=== EXERCISE INPUTS ===
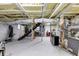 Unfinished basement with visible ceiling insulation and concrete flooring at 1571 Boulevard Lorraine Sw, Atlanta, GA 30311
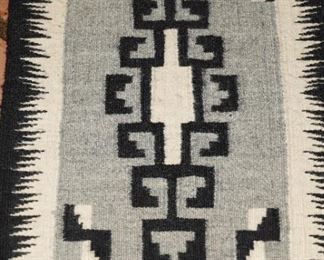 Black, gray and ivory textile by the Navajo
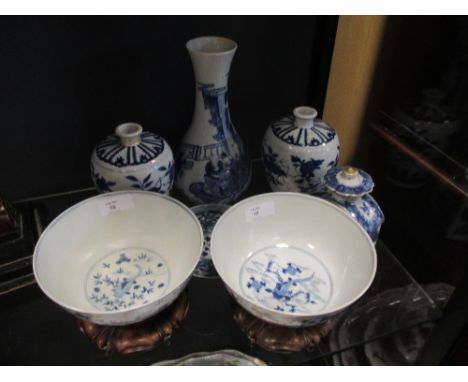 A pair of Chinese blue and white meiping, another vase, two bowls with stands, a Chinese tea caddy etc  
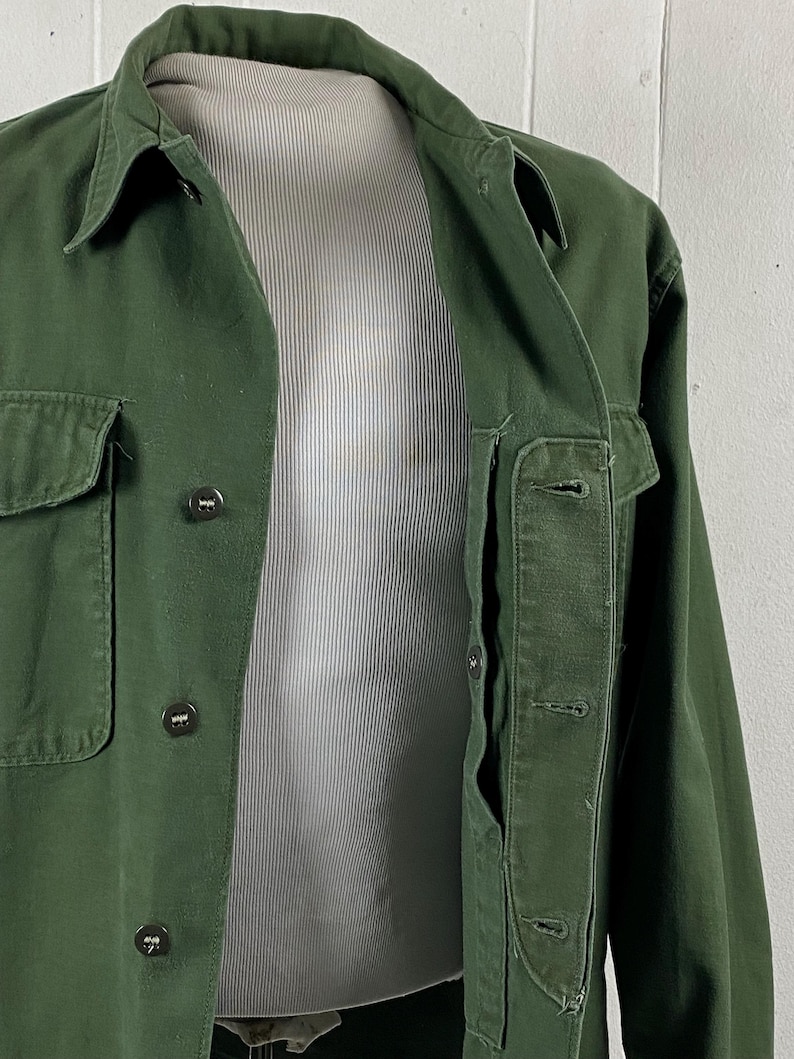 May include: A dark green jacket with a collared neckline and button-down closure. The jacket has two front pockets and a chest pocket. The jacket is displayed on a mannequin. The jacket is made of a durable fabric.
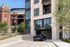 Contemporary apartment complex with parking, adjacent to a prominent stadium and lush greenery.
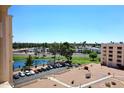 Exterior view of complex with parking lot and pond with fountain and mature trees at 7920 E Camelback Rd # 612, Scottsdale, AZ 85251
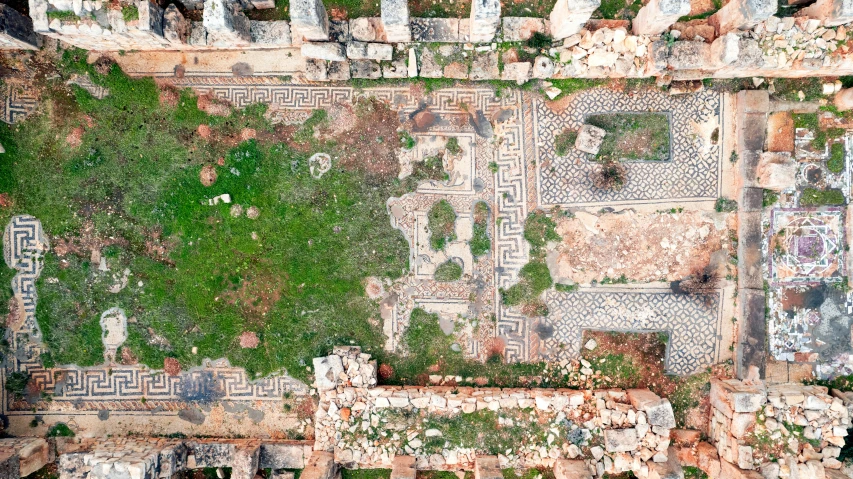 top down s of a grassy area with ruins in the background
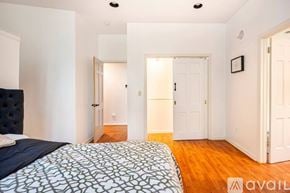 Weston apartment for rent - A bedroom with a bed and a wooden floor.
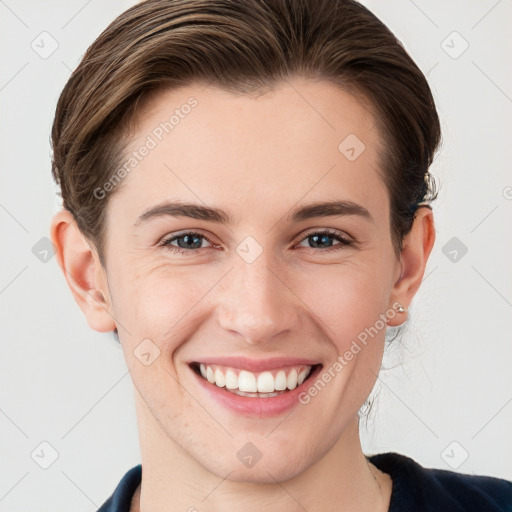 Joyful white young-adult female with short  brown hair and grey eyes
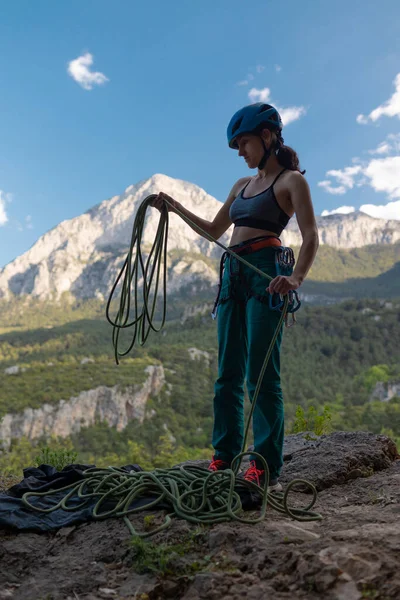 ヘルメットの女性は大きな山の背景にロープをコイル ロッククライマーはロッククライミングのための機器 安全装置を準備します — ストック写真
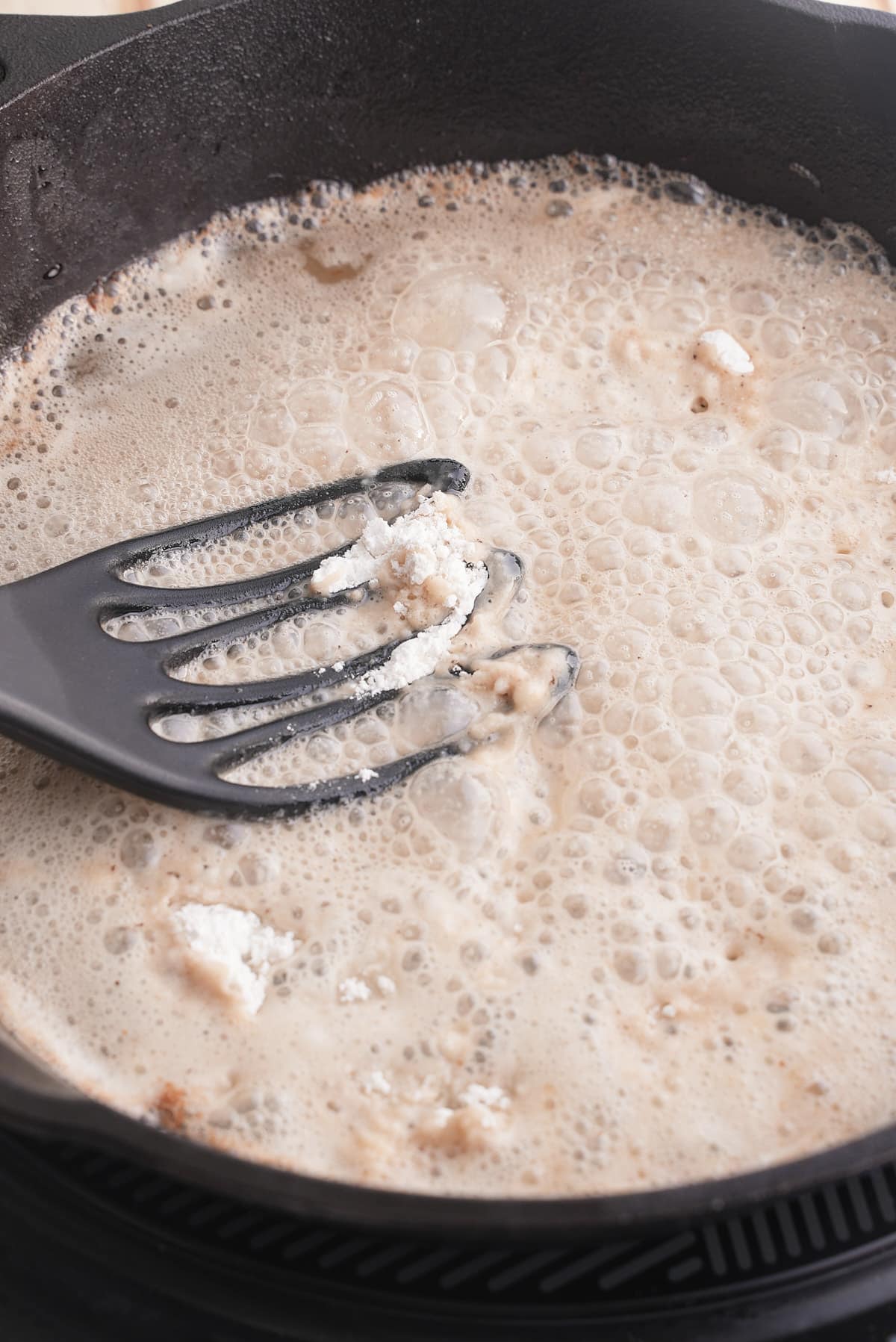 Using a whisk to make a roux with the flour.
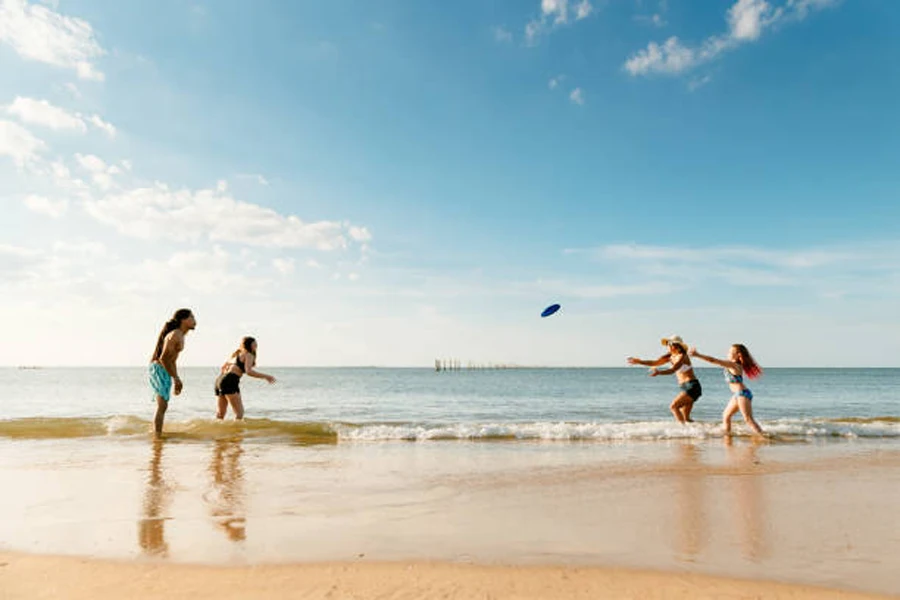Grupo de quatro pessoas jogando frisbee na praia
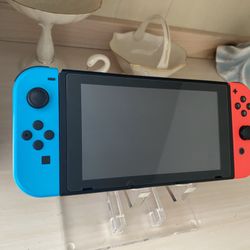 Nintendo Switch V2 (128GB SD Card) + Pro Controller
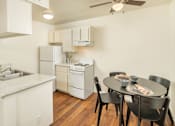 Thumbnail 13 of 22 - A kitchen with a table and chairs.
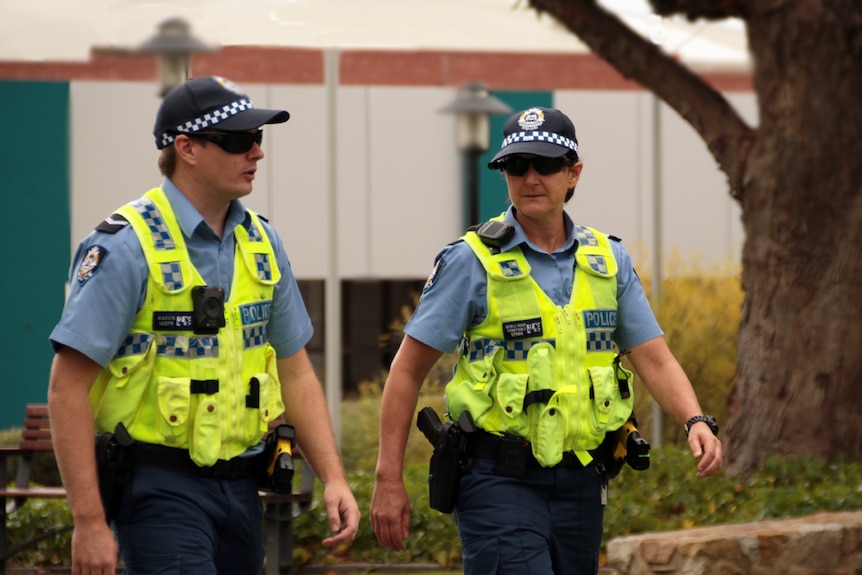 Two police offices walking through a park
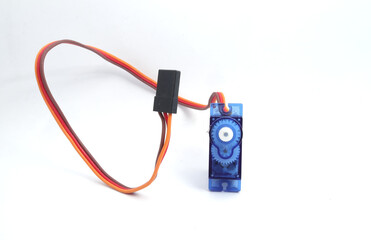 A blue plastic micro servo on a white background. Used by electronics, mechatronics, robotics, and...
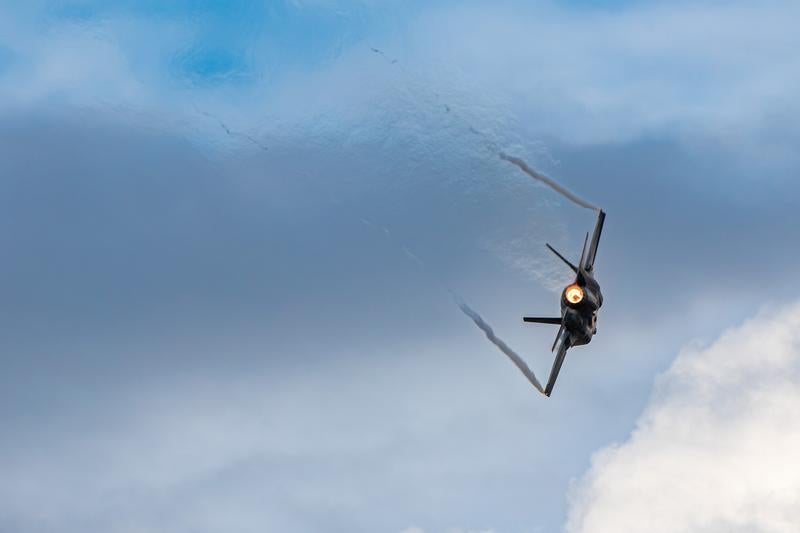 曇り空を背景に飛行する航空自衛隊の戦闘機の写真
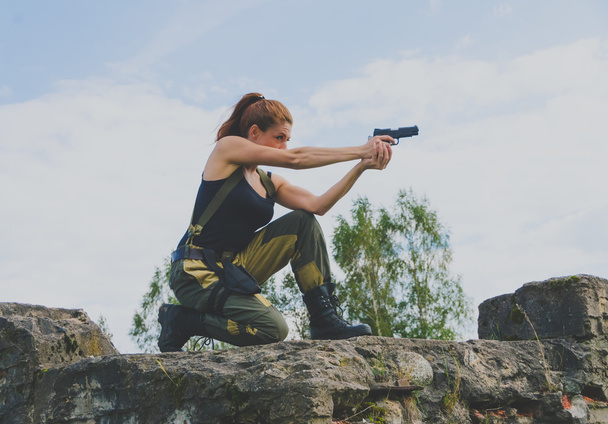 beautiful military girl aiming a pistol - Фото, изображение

=== ACTIVITY ===
All that is needed is an exact copy of the lines from the line with "A blue plastic" through the end of the listing, both ends included, with no pictures.

=== OUTPUT OF THE TASK ===
 A blue plastic micro servo on a white background. Used by electronics, mechatronics, robotics, and...
 曇り空を背景に飛行する航空自衛隊の戦闘機の写真
 beautiful military girl aiming a pistol - Фото, изображение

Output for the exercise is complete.